▽

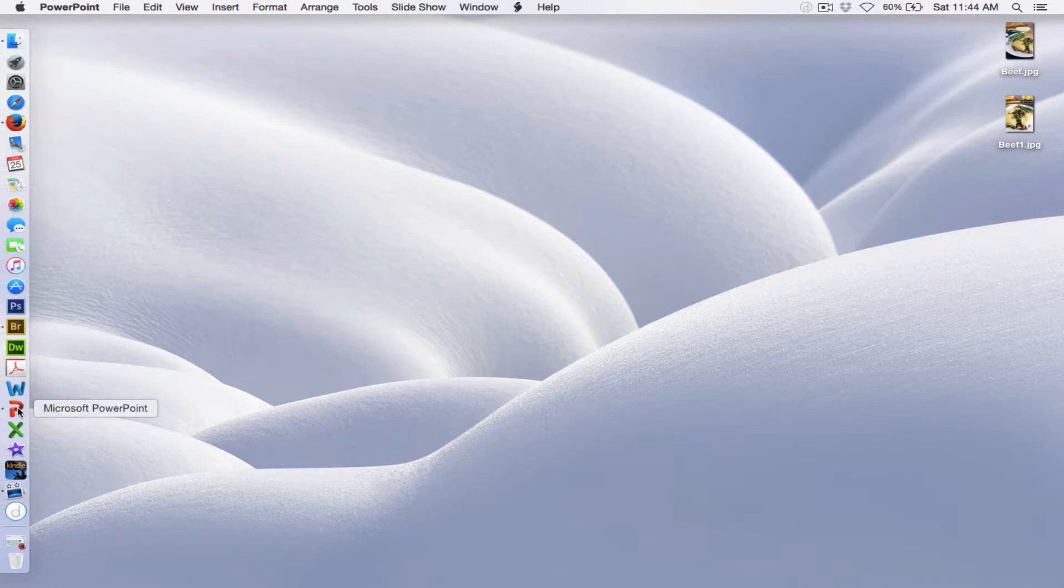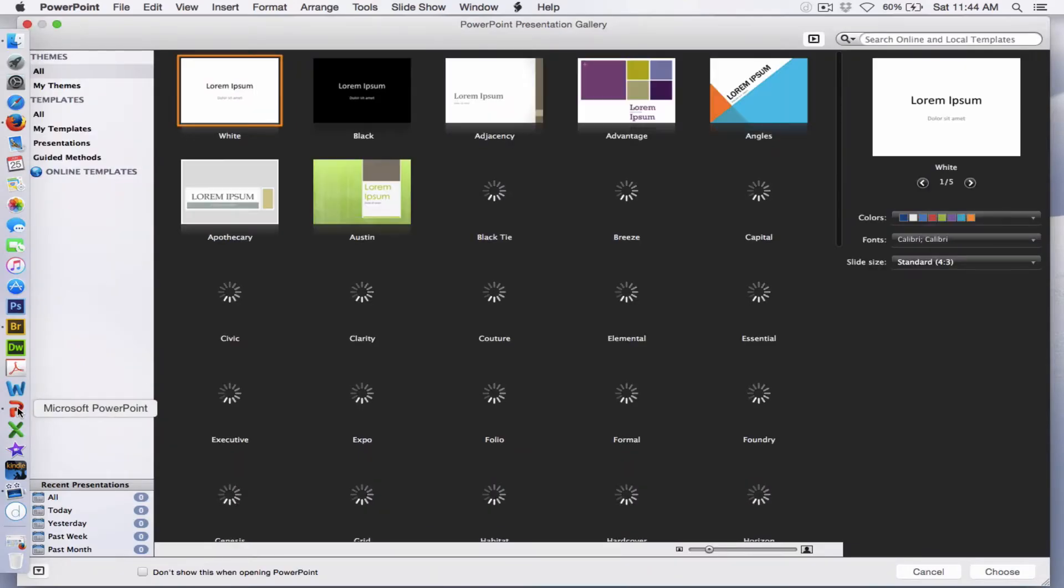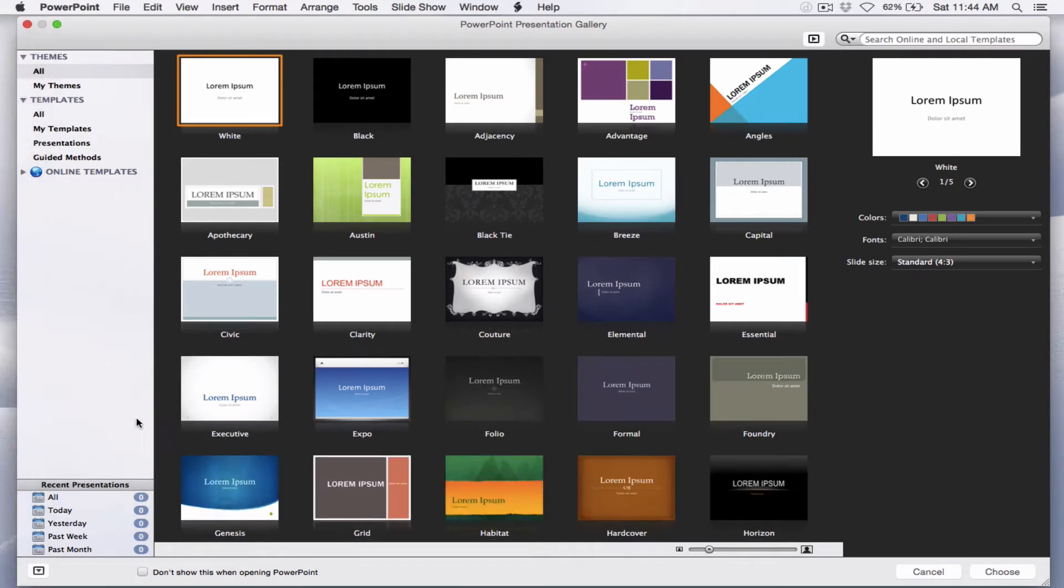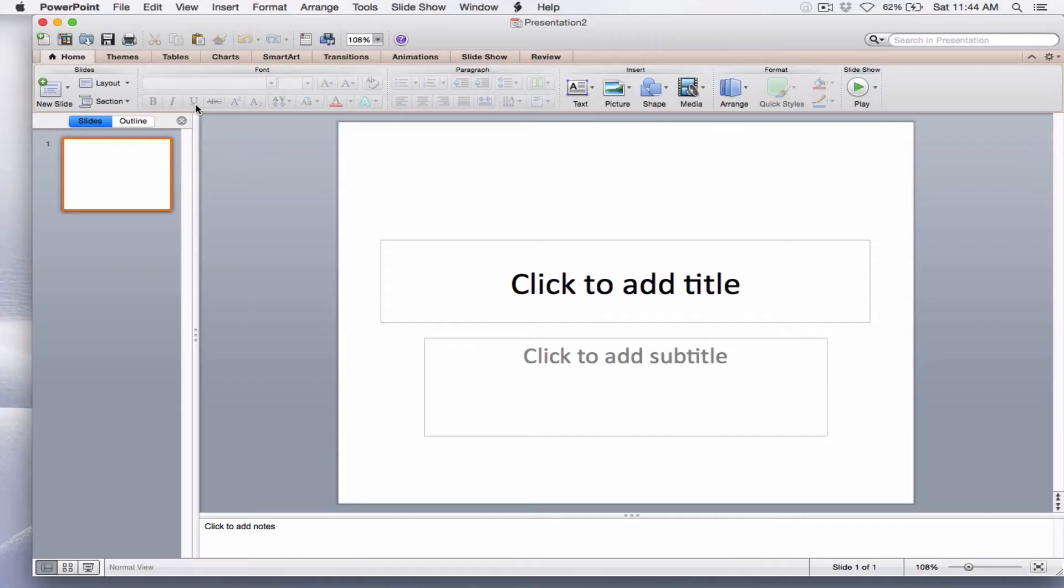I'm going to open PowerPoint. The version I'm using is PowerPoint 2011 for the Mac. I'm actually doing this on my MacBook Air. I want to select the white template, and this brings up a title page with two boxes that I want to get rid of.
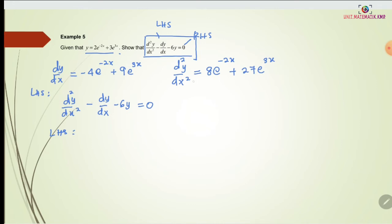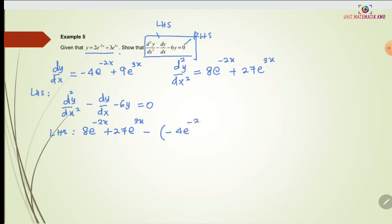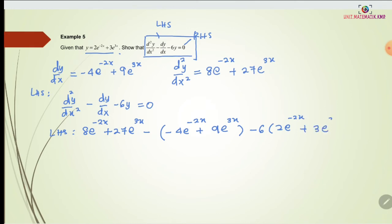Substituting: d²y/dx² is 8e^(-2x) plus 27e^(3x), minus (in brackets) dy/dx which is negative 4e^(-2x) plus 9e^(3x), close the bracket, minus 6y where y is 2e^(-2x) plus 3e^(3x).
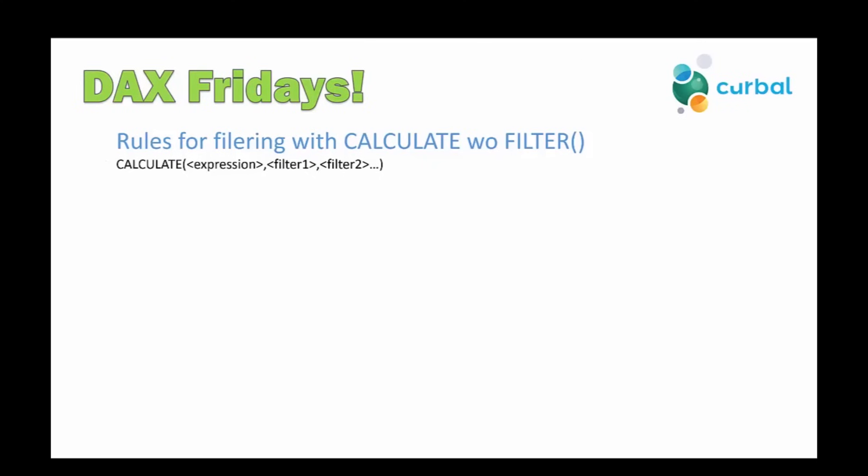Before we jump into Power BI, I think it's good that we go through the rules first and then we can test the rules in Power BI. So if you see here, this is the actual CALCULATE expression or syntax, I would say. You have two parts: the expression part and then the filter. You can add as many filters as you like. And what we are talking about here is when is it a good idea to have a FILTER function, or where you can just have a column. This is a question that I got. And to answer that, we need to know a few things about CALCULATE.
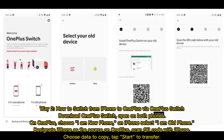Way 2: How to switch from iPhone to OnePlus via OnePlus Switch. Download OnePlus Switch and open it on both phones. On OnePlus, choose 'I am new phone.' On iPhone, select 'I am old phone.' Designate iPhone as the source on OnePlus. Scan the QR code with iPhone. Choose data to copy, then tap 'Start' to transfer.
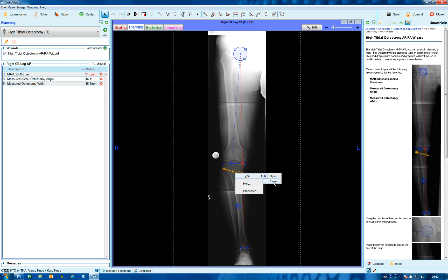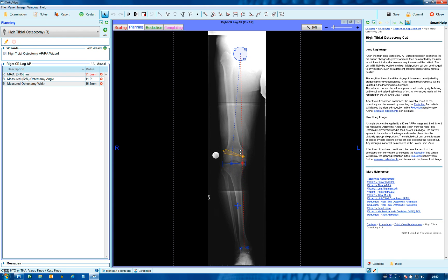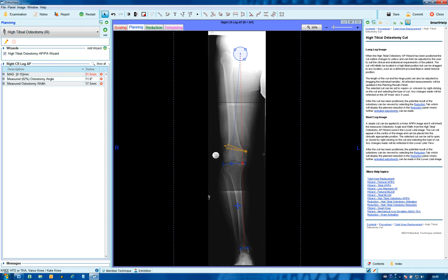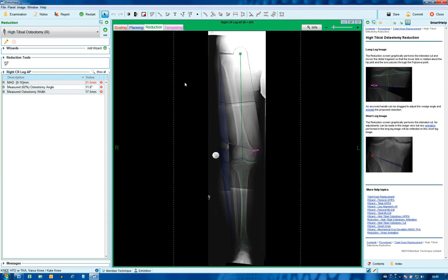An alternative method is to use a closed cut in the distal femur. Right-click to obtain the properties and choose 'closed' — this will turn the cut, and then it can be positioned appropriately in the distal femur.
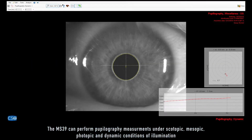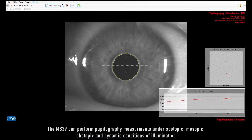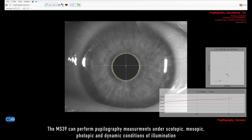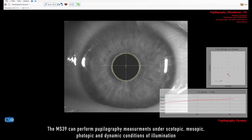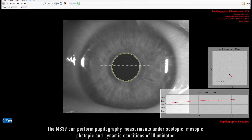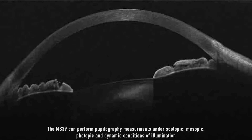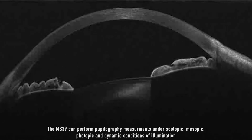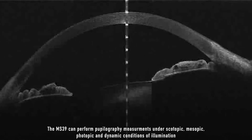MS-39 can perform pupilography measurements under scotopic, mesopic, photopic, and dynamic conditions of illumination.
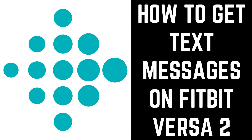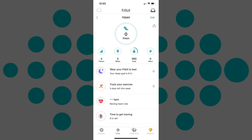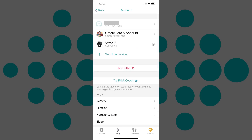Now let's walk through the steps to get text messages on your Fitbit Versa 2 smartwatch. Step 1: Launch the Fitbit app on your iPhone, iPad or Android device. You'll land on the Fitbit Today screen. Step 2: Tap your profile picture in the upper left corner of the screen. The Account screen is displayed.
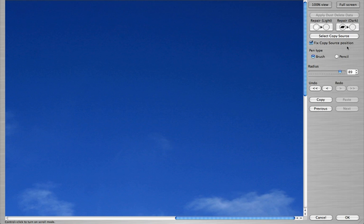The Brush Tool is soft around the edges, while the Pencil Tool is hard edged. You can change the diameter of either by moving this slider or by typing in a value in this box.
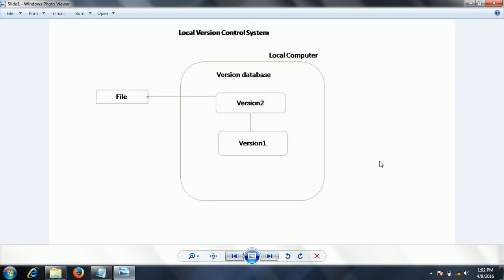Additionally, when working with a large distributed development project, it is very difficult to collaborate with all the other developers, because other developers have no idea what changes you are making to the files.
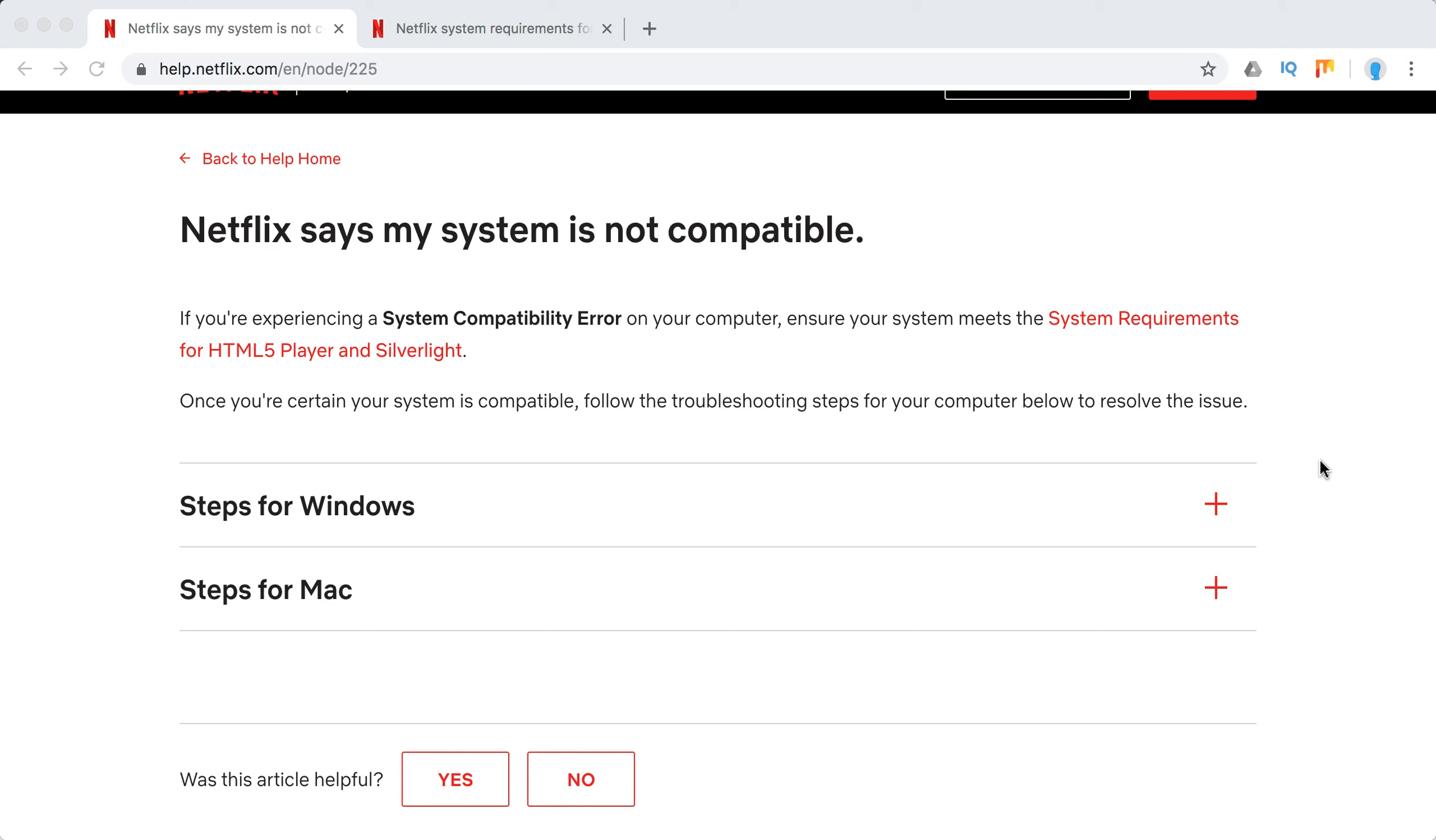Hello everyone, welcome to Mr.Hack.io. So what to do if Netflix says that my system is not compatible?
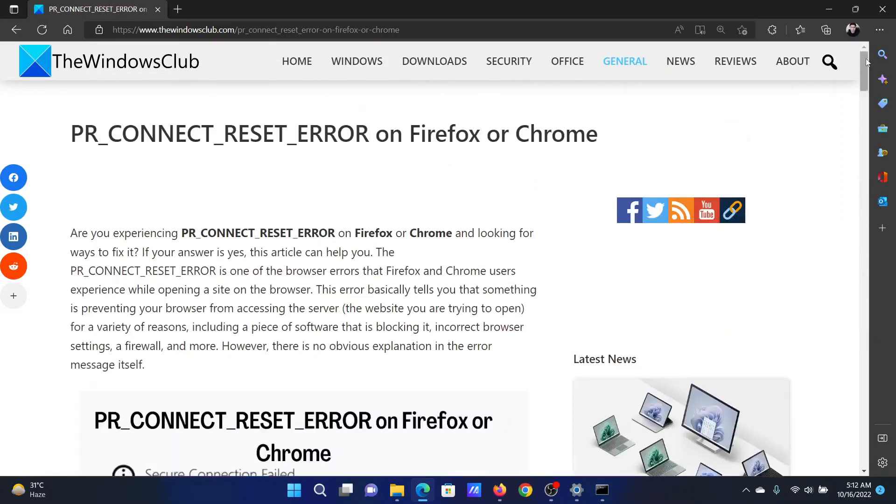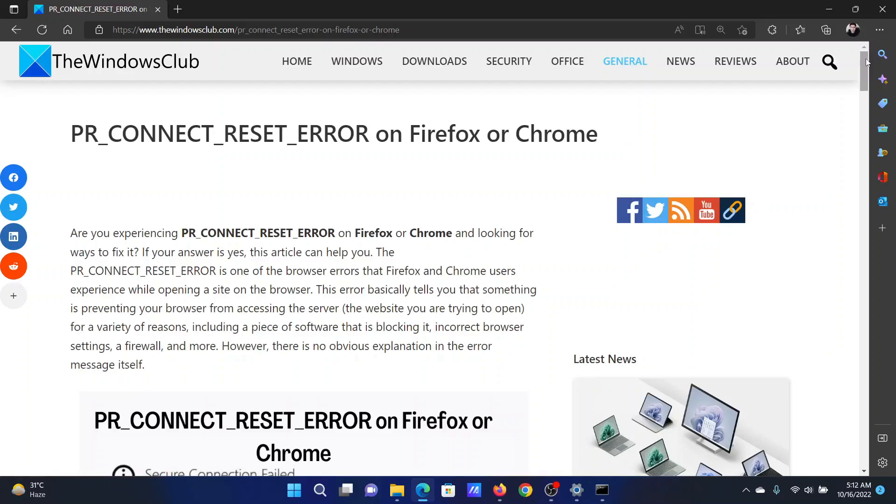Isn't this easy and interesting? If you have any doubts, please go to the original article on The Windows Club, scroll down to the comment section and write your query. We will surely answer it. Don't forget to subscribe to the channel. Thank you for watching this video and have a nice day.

△

**Required action:**
All records above need to be returned exactly. Omit the pictures.

**Answer area:**
I'm going to open PowerPoint. The version I'm using is PowerPoint 2011 for the Mac. I'm actually doing this on my MacBook Air. I want to select the white template, and this brings up a title page with two boxes that I want to get rid of.
Substituting: d²y/dx² is 8e^(-2x) plus 27e^(3x), minus (in brackets) dy/dx which is negative 4e^(-2x) plus 9e^(3x), close the bracket, minus 6y where y is 2e^(-2x) plus 3e^(3x).
Before we jump into Power BI, I think it's good that we go through the rules first and then we can test the rules in Power BI. So if you see here, this is the actual CALCULATE expression or syntax, I would say. You have two parts: the expression part and then the filter. You can add as many filters as you like. And what we are talking about here is when is it a good idea to have a FILTER function, or where you can just have a column. This is a question that I got. And to answer that, we need to know a few things about CALCULATE.
Way 2: How to switch from iPhone to OnePlus via OnePlus Switch. Download OnePlus Switch and open it on both phones. On OnePlus, choose 'I am new phone.' On iPhone, select 'I am old phone.' Designate iPhone as the source on OnePlus. Scan the QR code with iPhone. Choose data to copy, then tap 'Start' to transfer.
An alternative method is to use a closed cut in the distal femur. Right-click to obtain the properties and choose 'closed' — this will turn the cut, and then it can be positioned appropriately in the distal femur.
MS-39 can perform pupilography measurements under scotopic, mesopic, photopic, and dynamic conditions of illumination.
Now let's walk through the steps to get text messages on your Fitbit Versa 2 smartwatch. Step 1: Launch the Fitbit app on your iPhone, iPad or Android device. You'll land on the Fitbit Today screen. Step 2: Tap your profile picture in the upper left corner of the screen. The Account screen is displayed.
The Brush Tool is soft around the edges, while the Pencil Tool is hard edged. You can change the diameter of either by moving this slider or by typing in a value in this box.
Additionally, when working with a large distributed development project, it is very difficult to collaborate with all the other developers, because other developers have no idea what changes you are making to the files.
Hello everyone, welcome to Mr.Hack.io. So what to do if Netflix says that my system is not compatible?
Isn't this easy and interesting? If you have any doubts, please go to the original article on The Windows Club, scroll down to the comment section and write your query. We will surely answer it. Don't forget to subscribe to the channel. Thank you for watching this video and have a nice day.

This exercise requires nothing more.